The absence of enteric ganglia and no peristaltic movement in the bowels.
93
T/F: Pre-migratory neural crest cells still attached to the neural tube are already specified to be neural crest cells.
True.
94
T/F: Pre-migratory neural crest cells already have a specified lineage (cranial, cardiac, ...).
False.
95
Ectodermal cells with high Wnt and BMP differentiate into:
Epidermal cells.
96
Ectodermal cells with moderate Wnt and BMP differentiate into:
Placodal cells.
97
Ectodermal cells with high Wnt but moderate BMP differentiate into:
Neural crest cells.
98
Ectodermal cells with high Wnt but no BMP (high Noggin) differentiate into:
Neural cells.
99
What do placodal cells give rise to?
Sensory and neuroendocrine cells.
100
What factors induce the neural plate border specifiers?
Wnt & BMP.
101
What factors determine the neural plate border?
Msx1.
102
What factors are neural crest specifiers?
FoxD3, Sox9/10, & Snail.
103
What factors facilitate EMT in the neural crest?
Sox9 & Sox10.
104
What features are necessary for EMT of neural crest cells?

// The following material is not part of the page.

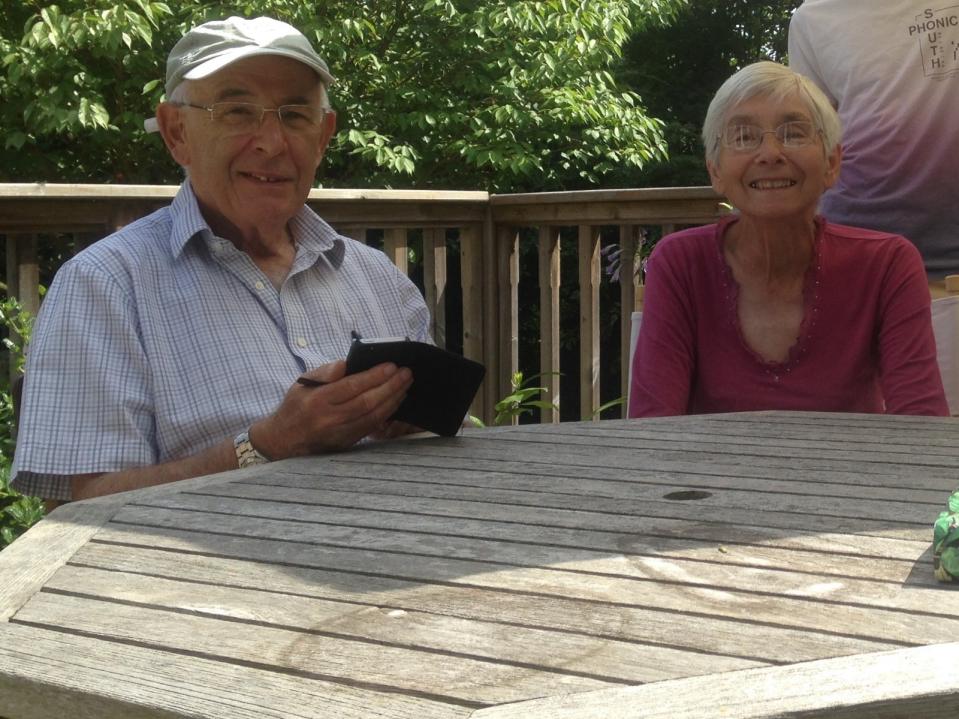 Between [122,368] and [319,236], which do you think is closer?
[122,368]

Loss of E-cadherins-6B, cytoskeletal rearrangement, actin polymerization, increase of integrins and fibronectin in the ECM, decreased N-cadherin expression, and delamination.
105
Are neural crest cells void of cadherins?
Mostly yes, except for some N-cadherins that allow them to travel as a unit.
106
How do neural crest cells travel as a unit?
Some minimal expression of N-cadherins, and the secretion of a chemoattractant Complement 3a (C3a).
107
Describe the signals involved in neural crest delamination.
The surface ectoderm first induces high Snail2 release, and the notochord releases Sox2. These two factors inhibit each other, forming a gradient. Snail2 inhibits E-cadherins-6b and N-cadherins to a lesser extent, especially at the dorsal site where neural crest cells are supposed to delaminate. Ventrally, the high Sox2 from the notochord inhibits Snail2, preserving these cadherins and maintaining the epithelial character of neural tube cells.
108
How do neural crest cells travel?
Upon delamination, a RhoA/Rac1 gradient is established by cellular polarization. At the rear, a high RhoA concentration is associated with actomyosin stress fiber retraction whereas, at the front, a high Rac1 concentration is associated with directed movement by lamellipodia and filopodia.
109
What role does the microphthalmia-associated transcription factor (MITF) play in ectodermal signaling?
It is linked to pigmentation disorders, specifically involved in the activation of genes responsible for pigment production, in the proper dorsolateral migration of neural crest cells into the skin, and in preventing apoptosis in migrating cells.
110
In animals, the random death of melanoblasts and spotted patterns is associated with which factor?
The microphthalmia-associated transcription factor (MITF).